Donald Trump has been the subject of the greatest perversions of the Constitution of the United States and particularly the Fourth and Fifth Amendments of the Bill of Rights of any president in the history of that country. He has not in any respect exceeded the constitutional powers of the presidency. A number of his initiatives have been legally challenged and are working their way through the appeal process. The clause: “no check, no balance, no accountability” is a perfectly accurate description of the clangorous nonsense about Trump that this country has swallowed. Trump wants to adjust tariffs with this and other countries. His reference to the 51st state is designed to be annoying, but was caused by our failure to pay for our own defence for the past 30 years, our steady trade surplus (which Trump exaggerates but Justin Trudeau did not know enough to dispute), and because Trudeau suggested Canada would collapse if U.S. tariffs were raised. Of course it won’t and if necessary we will show Trump that. But can we please have the maturity not to compare him with Hitler? We’re talking about tariffs, not world war and millions of innocent victims of death camps.
It is hard to imagine that any rational adult Canadian believes that Vladimir Putin and Xi Jinping are more capable and successful leaders than Trump. Putin unleashed an aggressive war, which has caused the displacement of more than 10 million people and probably at least 1.25 million casualties, most of them his own countrymen and most of those combat deaths. When some of the mercenaries that he has engaged defected from the front lines and marched on Moscow, they were greeted with enthusiasm by the Russian people. Putin routinely murders his domestic political opponents. Russia is suffering from acute economic hardship, chronic alcoholism, a steadily shrinking population, and its only geostrategic relevance to the world is the possibility of it becoming a basket of natural resources for the delectation of China. In defiance of all historic Russian nationalist logic, Putin is throwing his country into a desperate embrace with China. He has been reduced to dependence on the antediluvian tyrannies of Iran and North Korea and whatever happens, his war in Ukraine has been a disaster — Russia’s worst military fiasco since the Russo Japanese War (1905). He has conspicuously failed to subdue a vastly smaller and more vulnerable country that Russia had ruled for 300 years.

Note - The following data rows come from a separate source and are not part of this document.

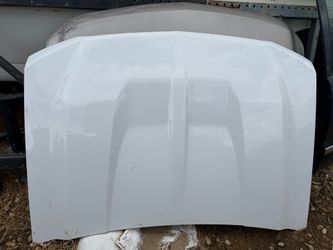2017 Chevy Silverado 1500. Hood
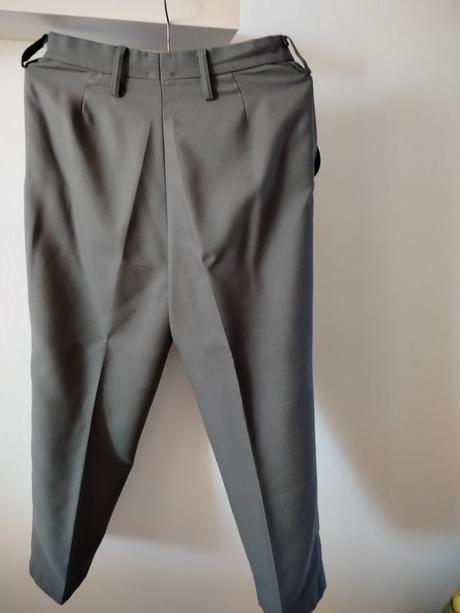 Tesilovê nohavice, 52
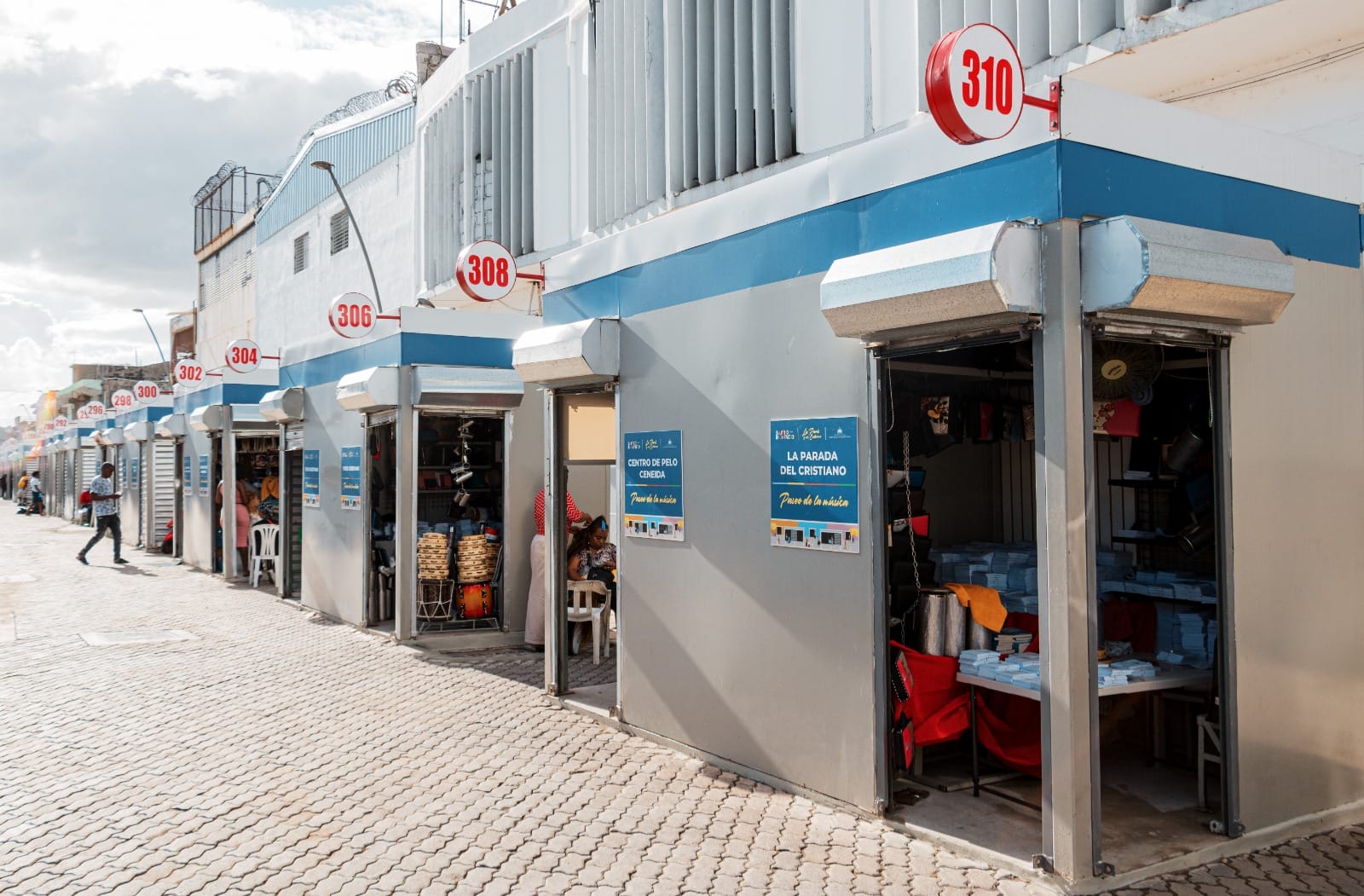 Presidente Abinader y Carolina Mejía entregan “La París y su entorno”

Chinese President Xi is now presiding over a country that is economically stagnant, debt-ridden and precarious. Where 10 years ago it was impossible to set foot out of doors without some passer-by telling you that China was about to surpass the United States as the world’s greatest economy, there is no suggestion of that now. The Chinese minister of defence, a number of prominent Chinese Communist Party grandees and financial magnates have abruptly disappeared over the last few years. China has alienated all of its neighbours and caused India, Vietnam, Japan, South Korea, the Philippines, and Indonesia to group together with Australia, New Zealand, and the United States in an informal revival of the Cold War containment strategy that was so successful opposite the Soviet Union.
Because there is such widespread ignorance of Asian history in the West it is assumed that ancient China has a sophisticated foreign policy, but under Xi, exactly the reverse is true. The famous Belt and Road Initiative, which the Sinophilic cheering section was touting as the wave of the future, has not created any prosperity for those who have participated in it and has squandered immense sums of money that the Chinese government does not have. The fact that Mark Carney has suggested the Chinese yuan could serve as a world reserve currency merely indicates the intellectual bankruptcy of the incoming prime minister, rather than any justified commendation of the totalitarian dictatorship of the so-called People’s Republic, which remains a largely command economy, is the world’s most authoritarian despotism and claims it can find anyone in the vast population in ten minutes because of its ubiquitous monitoring apparatus.
Can we please come to our senses and assure that the coming election is about the failure of the Trudeau government and the authoritarian socialist and irrational environmental opinions of Mark Carney? Donald Trump is a foreign leader and we will deal with him from a position of strength, provided we have a serious government.